WORK ITEM :: Pictures stay out of the copy. Retype exactly the lines below from the one with "Meuble pour platine" through the one with "WallCircle - Wandcirkel".

TASK INPUT ::
------------------------
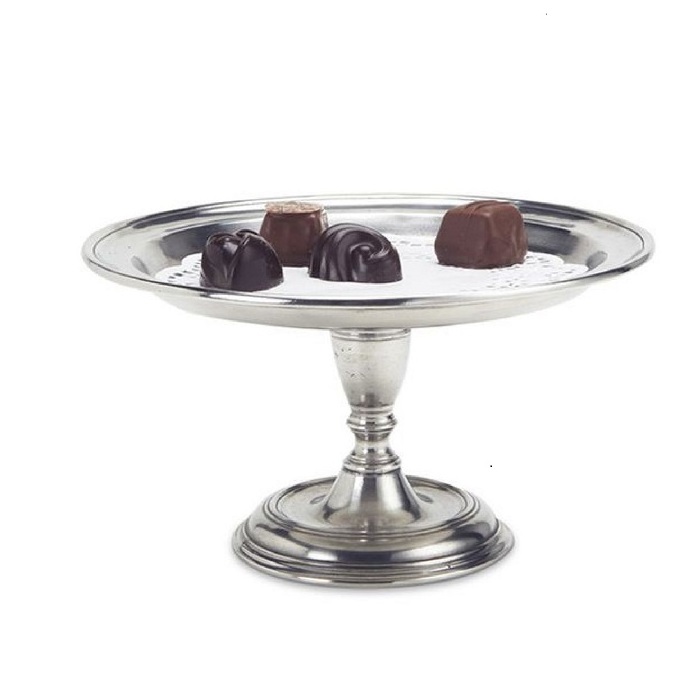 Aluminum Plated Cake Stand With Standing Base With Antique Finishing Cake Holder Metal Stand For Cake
------------------------
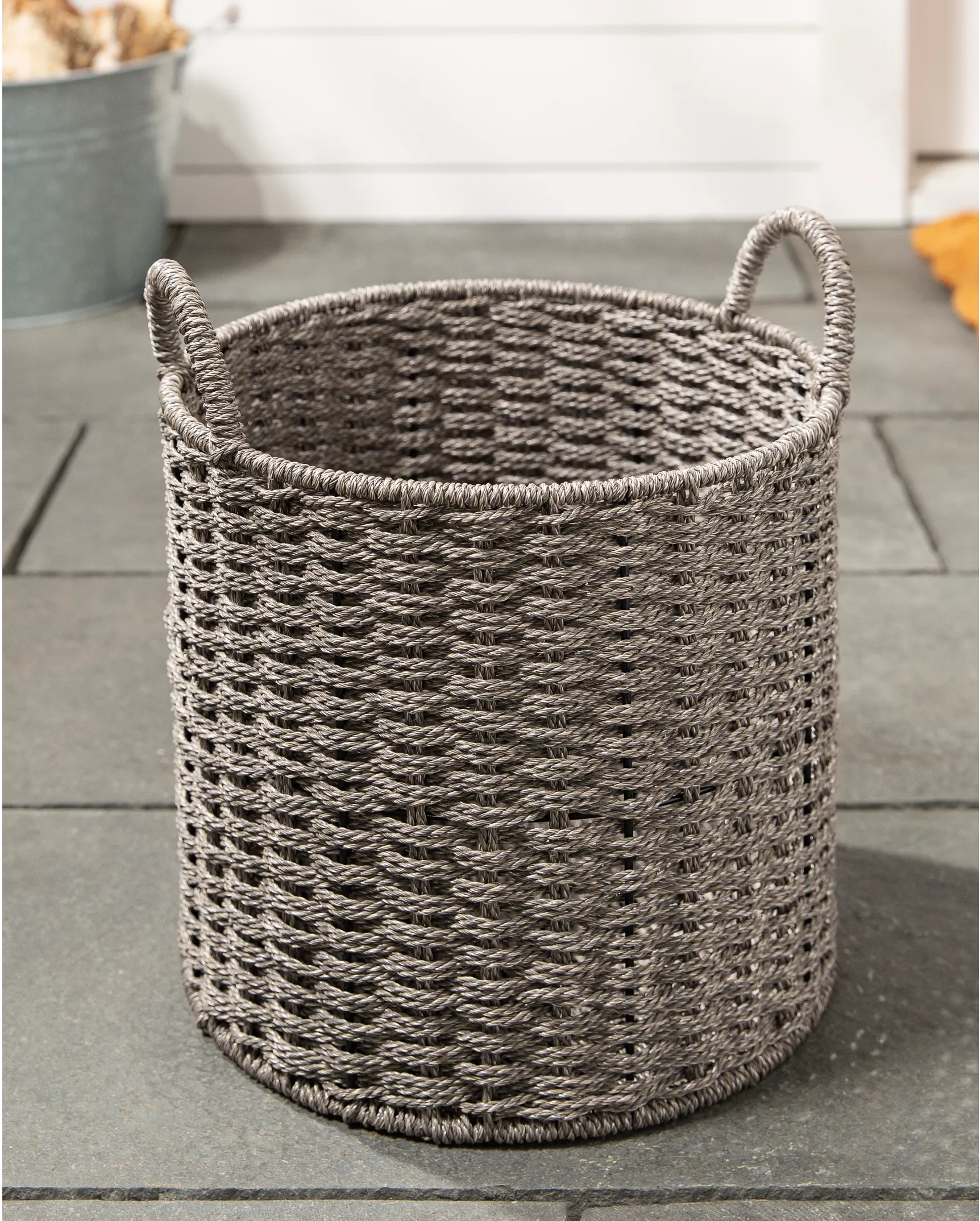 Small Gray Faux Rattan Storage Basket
------------------------
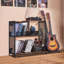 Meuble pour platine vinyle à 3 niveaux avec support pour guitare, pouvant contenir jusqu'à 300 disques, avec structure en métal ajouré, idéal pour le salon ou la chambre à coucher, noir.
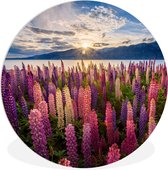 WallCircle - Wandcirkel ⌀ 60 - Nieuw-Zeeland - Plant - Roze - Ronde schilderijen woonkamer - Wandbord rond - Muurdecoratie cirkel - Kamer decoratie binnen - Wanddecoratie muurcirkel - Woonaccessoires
------------------------
WRITTEN RESPONSE ::
 Meuble pour platine vinyle à 3 niveaux avec support pour guitare, pouvant contenir jusqu'à 300 disques, avec structure en métal ajouré, idéal pour le salon ou la chambre à coucher, noir.
 WallCircle - Wandcirkel ⌀ 60 - Nieuw-Zeeland - Plant - Roze - Ronde schilderijen woonkamer - Wandbord rond - Muurdecoratie cirkel - Kamer decoratie binnen - Wanddecoratie muurcirkel - Woonaccessoires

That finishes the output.